### [WORK TO BE COMPLETED]
Would you write out the listing verbatim and skip every picture in it?

-- Opening Marker --

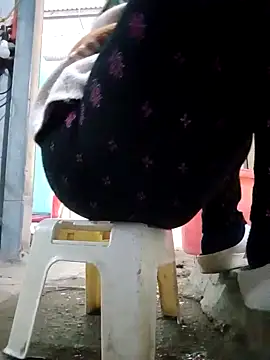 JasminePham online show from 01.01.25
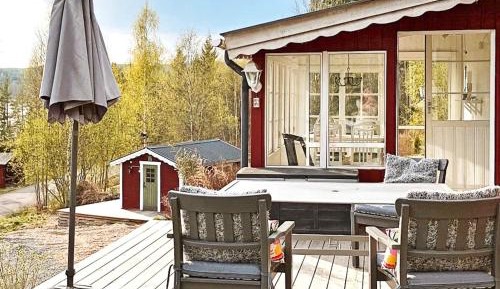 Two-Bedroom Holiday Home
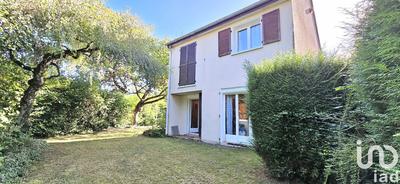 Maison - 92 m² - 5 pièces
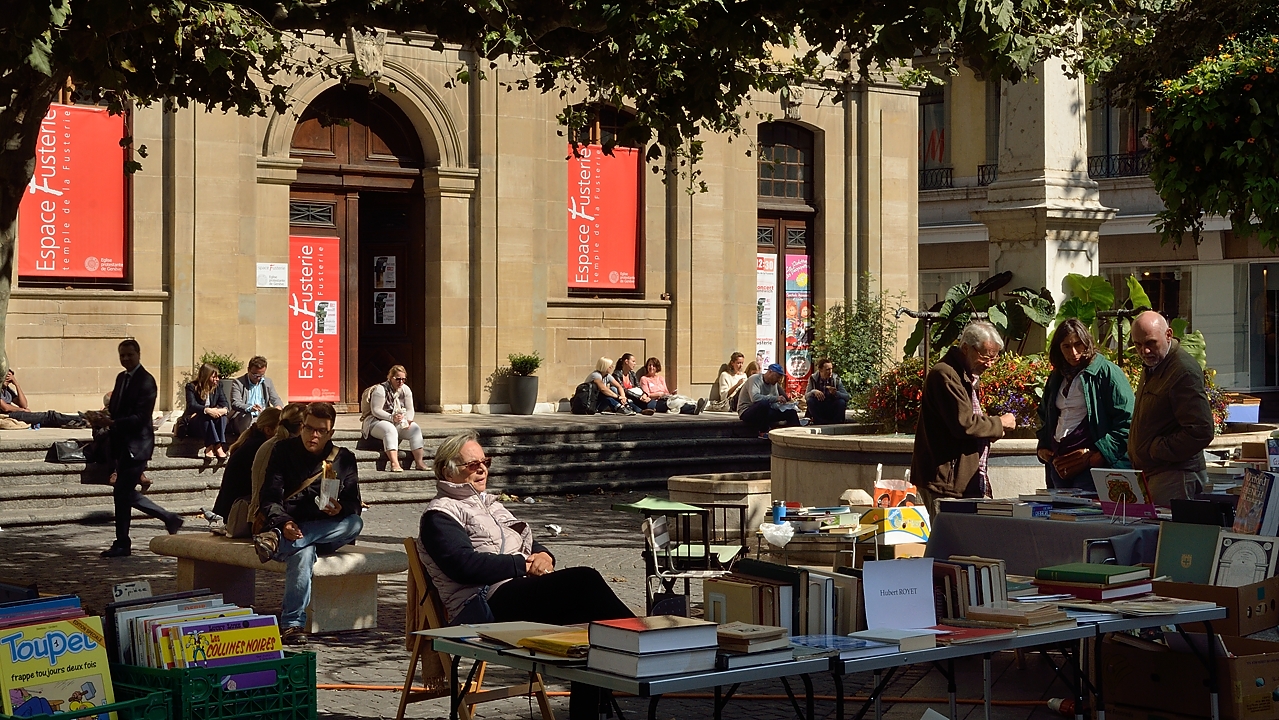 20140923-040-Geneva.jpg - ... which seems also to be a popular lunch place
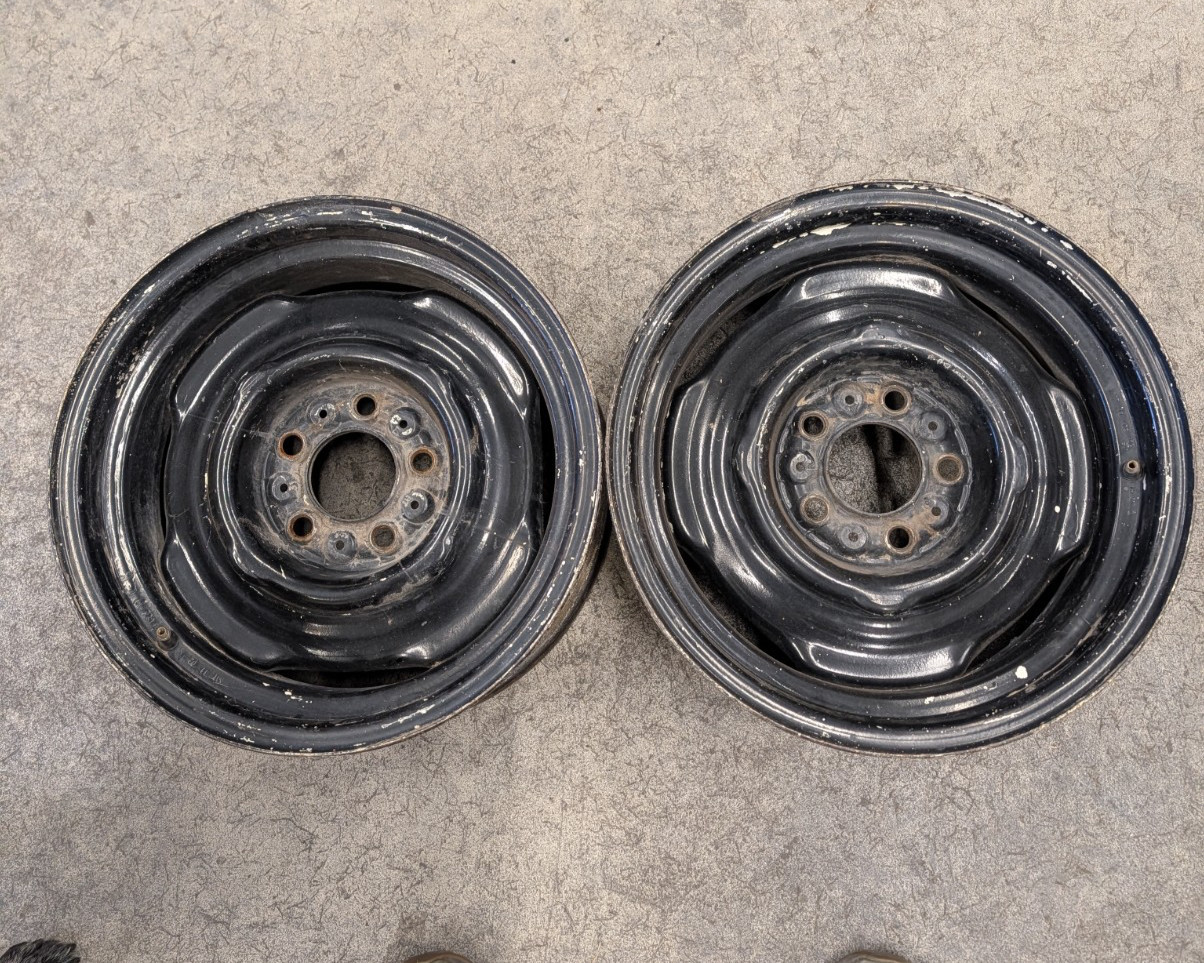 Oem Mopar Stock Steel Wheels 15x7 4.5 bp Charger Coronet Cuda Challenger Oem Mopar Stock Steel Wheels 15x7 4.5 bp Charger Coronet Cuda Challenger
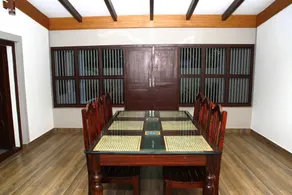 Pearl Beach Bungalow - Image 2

-- Closing Marker --

### [ANSWER TO THE PROBLEM]
 JasminePham online show from 01.01.25
 Two-Bedroom Holiday Home
 Maison - 92 m² - 5 pièces
 20140923-040-Geneva.jpg - ... which seems also to be a popular lunch place
 Oem Mopar Stock Steel Wheels 15x7 4.5 bp Charger Coronet Cuda Challenger Oem Mopar Stock Steel Wheels 15x7 4.5 bp Charger Coronet Cuda Challenger
 Pearl Beach Bungalow - Image 2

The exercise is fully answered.